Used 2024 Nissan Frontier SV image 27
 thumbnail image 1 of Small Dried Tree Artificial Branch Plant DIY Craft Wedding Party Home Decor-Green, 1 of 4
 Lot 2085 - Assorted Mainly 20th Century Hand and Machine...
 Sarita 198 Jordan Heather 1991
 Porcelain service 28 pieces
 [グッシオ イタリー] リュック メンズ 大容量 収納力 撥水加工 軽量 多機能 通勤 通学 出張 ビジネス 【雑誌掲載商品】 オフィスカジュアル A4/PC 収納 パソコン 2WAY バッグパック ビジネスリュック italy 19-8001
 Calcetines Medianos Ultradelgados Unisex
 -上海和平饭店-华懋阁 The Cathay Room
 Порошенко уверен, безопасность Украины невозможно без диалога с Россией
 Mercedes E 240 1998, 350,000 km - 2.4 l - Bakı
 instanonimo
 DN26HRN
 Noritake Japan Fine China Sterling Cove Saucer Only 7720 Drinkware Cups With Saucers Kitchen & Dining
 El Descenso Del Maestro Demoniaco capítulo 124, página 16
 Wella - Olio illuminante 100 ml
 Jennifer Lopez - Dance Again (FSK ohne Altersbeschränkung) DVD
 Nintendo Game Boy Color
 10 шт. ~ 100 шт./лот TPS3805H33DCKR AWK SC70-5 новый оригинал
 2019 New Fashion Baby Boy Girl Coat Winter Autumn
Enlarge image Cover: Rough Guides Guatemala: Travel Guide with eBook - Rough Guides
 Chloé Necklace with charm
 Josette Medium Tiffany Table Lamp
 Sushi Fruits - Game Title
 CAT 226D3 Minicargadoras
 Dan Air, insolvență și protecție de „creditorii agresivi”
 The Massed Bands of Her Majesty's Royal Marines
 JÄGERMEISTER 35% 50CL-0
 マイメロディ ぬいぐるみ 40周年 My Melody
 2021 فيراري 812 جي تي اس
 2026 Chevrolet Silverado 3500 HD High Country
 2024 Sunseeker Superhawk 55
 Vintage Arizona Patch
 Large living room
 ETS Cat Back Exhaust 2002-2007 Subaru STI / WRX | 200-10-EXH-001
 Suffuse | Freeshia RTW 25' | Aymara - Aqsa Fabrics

→ Exercise aim: Wherever the string "image" appears in the data above, copy the line it sits in.

→ Expected answer:
Used 2024 Nissan Frontier SV image 27
 thumbnail image 1 of Small Dried Tree Artificial Branch Plant DIY Craft Wedding Party Home Decor-Green, 1 of 4
Enlarge image Cover: Rough Guides Guatemala: Travel Guide with eBook - Rough Guides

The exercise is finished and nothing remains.